YOUR INSTRUCTIONS =>
Scan the entries and copy each line where the word "Gold" is present.

(Items from a dataset)
┄┄┄┄┄┄┄┄┄┄┄┄┄┄┄┄┄┄┄┄

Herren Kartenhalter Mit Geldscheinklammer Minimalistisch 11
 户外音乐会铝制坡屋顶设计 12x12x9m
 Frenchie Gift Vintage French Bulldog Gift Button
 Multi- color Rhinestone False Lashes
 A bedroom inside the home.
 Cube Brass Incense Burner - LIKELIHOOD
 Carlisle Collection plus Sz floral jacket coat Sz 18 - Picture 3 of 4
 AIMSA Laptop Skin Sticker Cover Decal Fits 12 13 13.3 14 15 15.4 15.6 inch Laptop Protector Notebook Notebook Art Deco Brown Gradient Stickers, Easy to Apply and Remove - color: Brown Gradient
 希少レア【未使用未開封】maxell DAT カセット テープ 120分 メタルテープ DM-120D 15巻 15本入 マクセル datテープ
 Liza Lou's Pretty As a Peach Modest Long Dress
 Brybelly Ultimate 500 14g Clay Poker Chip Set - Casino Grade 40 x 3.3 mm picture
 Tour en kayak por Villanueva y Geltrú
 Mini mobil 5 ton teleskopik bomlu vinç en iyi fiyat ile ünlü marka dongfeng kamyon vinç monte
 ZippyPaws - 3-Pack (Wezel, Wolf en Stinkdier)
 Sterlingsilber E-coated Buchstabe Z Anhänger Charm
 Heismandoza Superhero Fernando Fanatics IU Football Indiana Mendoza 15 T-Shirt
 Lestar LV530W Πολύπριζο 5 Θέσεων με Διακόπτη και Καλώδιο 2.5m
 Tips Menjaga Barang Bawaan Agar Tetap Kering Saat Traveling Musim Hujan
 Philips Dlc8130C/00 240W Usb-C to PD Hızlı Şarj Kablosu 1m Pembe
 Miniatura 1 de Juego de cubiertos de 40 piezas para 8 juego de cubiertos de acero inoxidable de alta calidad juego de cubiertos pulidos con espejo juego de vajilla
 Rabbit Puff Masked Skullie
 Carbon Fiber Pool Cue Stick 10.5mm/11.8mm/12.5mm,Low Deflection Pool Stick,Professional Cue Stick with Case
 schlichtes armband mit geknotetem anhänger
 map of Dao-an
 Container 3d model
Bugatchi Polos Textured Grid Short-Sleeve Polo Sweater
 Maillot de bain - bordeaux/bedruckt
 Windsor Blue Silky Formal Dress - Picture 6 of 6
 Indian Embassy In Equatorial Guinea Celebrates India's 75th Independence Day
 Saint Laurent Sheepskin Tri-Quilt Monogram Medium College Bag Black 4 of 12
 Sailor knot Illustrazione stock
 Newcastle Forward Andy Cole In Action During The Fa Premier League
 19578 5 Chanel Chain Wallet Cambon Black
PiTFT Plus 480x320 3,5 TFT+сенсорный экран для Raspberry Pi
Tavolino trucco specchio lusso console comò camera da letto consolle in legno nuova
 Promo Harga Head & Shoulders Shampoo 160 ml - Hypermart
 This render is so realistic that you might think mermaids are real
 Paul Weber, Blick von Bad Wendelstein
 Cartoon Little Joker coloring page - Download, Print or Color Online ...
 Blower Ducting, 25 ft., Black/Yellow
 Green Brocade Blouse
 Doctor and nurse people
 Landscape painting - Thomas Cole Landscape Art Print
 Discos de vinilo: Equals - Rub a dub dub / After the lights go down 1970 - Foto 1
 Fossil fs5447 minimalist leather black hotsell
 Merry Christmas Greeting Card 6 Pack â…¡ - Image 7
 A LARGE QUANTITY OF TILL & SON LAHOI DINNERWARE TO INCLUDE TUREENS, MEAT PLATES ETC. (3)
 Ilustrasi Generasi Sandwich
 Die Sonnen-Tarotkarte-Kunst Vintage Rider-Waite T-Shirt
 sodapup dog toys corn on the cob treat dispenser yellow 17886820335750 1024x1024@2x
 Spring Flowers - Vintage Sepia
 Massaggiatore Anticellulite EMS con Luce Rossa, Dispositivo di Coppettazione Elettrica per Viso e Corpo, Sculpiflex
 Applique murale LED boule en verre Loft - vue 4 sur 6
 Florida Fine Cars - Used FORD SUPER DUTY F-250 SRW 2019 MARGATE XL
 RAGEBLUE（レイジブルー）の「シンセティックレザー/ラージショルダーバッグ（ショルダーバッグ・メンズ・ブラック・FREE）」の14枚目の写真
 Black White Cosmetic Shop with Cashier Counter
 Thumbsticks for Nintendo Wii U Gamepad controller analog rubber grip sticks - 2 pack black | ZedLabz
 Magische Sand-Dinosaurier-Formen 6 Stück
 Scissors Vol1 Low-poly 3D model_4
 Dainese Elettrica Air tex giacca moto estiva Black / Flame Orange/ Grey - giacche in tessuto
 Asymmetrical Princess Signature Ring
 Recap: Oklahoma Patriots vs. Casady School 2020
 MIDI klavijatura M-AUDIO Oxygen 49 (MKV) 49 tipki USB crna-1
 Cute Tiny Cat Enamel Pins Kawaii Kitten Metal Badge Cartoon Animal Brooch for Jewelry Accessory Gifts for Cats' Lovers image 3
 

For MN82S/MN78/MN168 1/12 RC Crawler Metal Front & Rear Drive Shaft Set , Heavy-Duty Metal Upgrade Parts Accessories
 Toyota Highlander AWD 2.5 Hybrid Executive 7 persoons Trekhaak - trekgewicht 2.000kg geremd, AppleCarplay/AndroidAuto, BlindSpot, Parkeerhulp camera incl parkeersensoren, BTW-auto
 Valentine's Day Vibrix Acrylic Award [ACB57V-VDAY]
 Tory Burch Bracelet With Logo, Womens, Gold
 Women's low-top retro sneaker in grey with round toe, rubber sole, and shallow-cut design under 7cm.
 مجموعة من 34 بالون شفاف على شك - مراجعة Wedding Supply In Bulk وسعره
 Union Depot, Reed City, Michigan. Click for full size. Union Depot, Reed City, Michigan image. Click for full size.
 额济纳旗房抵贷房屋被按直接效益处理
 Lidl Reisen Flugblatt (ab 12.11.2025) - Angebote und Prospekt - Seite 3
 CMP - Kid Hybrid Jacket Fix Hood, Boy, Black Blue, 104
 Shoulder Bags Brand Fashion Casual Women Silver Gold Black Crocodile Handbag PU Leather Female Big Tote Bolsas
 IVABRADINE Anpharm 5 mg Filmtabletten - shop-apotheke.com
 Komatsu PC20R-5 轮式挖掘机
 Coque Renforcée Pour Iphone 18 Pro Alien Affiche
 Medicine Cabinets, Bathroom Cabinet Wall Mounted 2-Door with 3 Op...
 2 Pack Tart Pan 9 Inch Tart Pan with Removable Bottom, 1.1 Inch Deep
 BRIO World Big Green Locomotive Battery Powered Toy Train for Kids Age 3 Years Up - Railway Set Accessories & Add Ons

┄┄┄┄┄┄┄┄┄┄┄┄┄┄┄┄┄┄┄┄

YOUR RESPONSE =>
 Tory Burch Bracelet With Logo, Womens, Gold
 Shoulder Bags Brand Fashion Casual Women Silver Gold Black Crocodile Handbag PU Leather Female Big Tote Bolsas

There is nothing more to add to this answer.